» **What you should do**
Pictures aside, reproduce exactly and only the lines below, starting at the one containing "Ensemble de 3" and ending at the last line.

======== Records to process

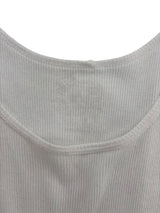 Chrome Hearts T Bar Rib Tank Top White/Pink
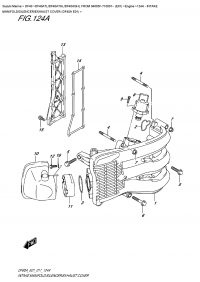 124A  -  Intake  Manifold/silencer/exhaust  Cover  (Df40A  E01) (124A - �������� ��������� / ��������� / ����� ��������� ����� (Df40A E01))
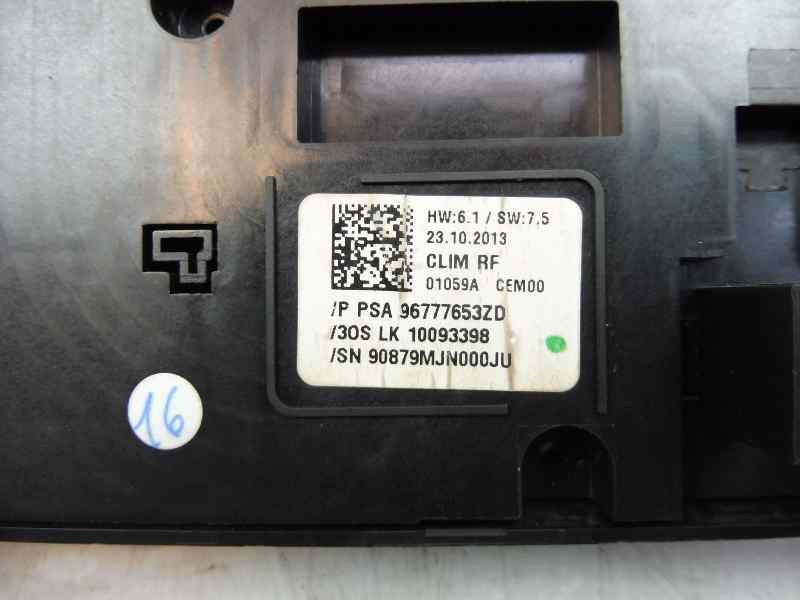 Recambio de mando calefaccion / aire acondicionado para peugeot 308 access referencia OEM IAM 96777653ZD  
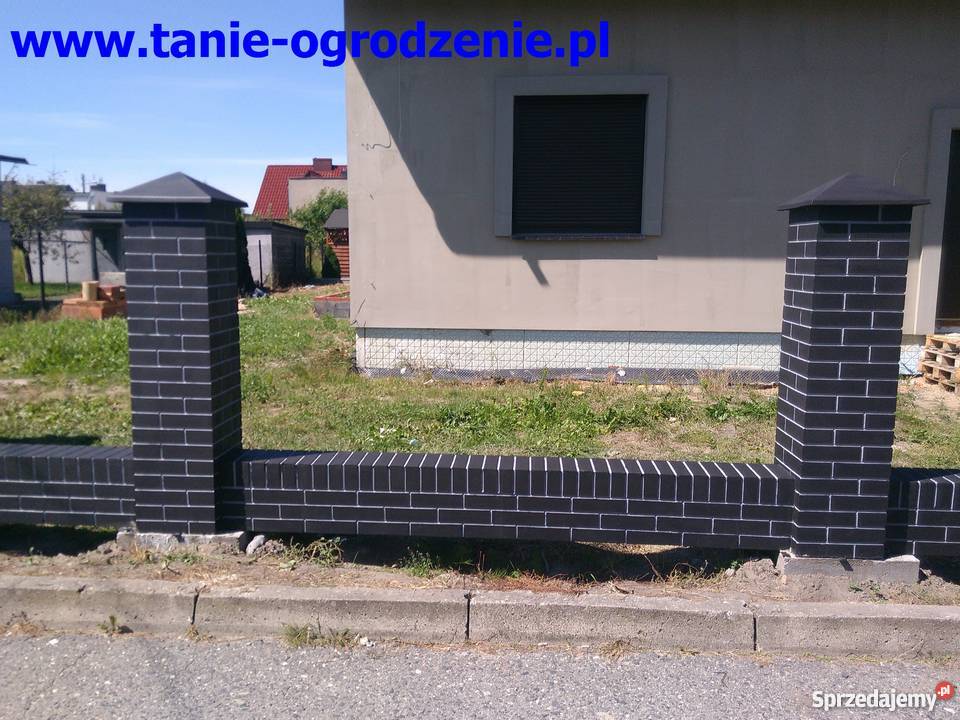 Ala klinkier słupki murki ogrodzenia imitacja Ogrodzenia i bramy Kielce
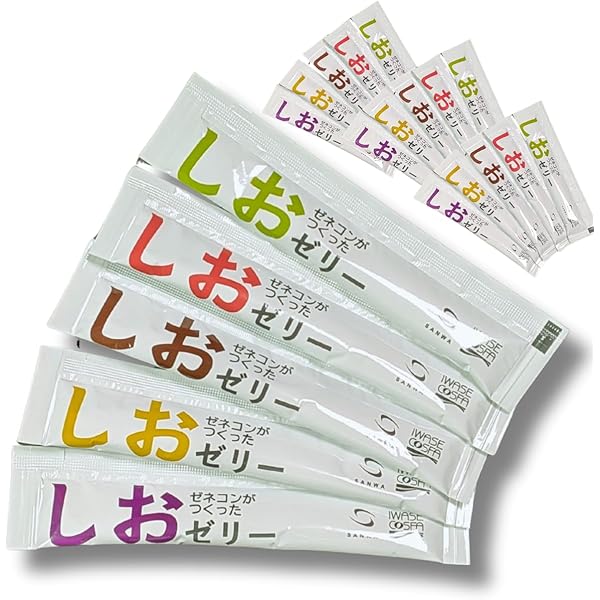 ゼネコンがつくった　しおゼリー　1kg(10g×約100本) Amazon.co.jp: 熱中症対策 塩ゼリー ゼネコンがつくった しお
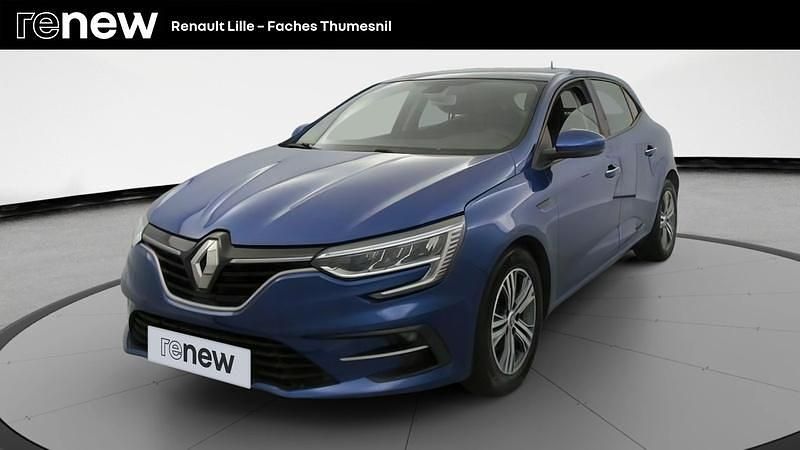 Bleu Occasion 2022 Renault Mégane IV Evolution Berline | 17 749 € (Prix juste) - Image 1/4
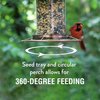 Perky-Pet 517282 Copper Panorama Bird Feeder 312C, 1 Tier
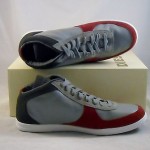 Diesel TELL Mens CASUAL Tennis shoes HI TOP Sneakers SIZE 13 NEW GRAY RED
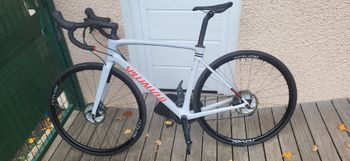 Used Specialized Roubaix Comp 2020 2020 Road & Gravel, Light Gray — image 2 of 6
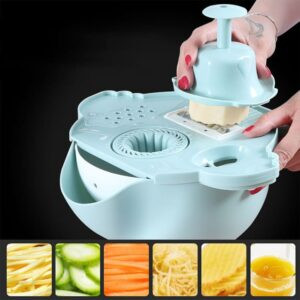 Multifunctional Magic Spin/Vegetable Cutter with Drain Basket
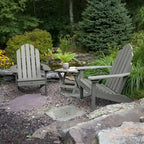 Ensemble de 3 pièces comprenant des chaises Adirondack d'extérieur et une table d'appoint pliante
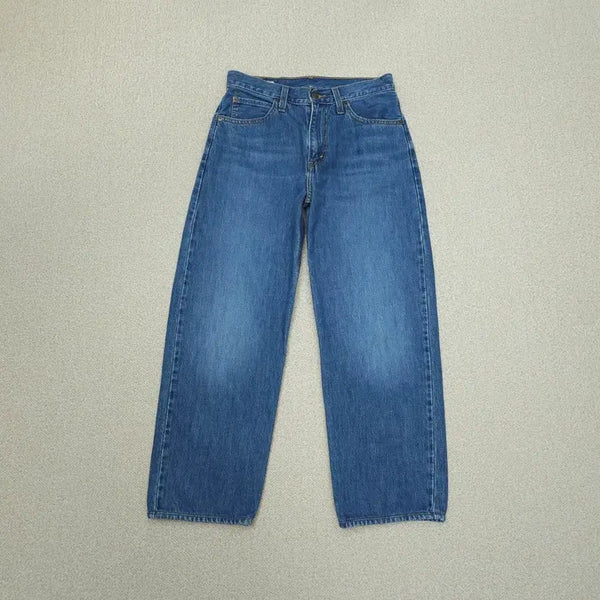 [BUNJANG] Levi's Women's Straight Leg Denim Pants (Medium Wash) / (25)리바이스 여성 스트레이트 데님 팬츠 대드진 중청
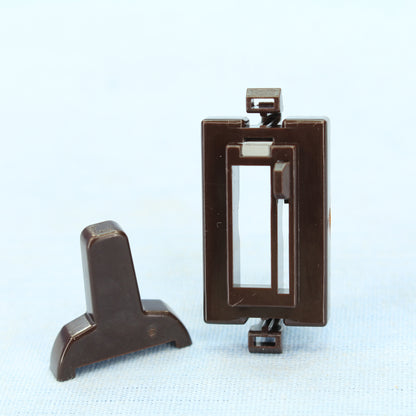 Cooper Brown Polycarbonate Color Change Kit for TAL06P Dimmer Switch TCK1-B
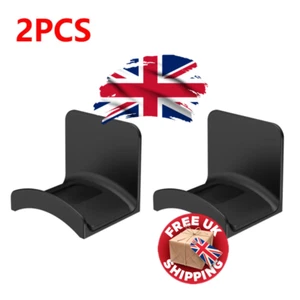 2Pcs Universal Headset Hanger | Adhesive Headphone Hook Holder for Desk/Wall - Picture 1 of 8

================

» **Written answer**
 Ensemble de 3 pièces comprenant des chaises Adirondack d'extérieur et une table d'appoint pliante
 [BUNJANG] Levi's Women's Straight Leg Denim Pants (Medium Wash) / (25)리바이스 여성 스트레이트 데님 팬츠 대드진 중청
 Cooper Brown Polycarbonate Color Change Kit for TAL06P Dimmer Switch TCK1-B
 2Pcs Universal Headset Hanger | Adhesive Headphone Hook Holder for Desk/Wall - Picture 1 of 8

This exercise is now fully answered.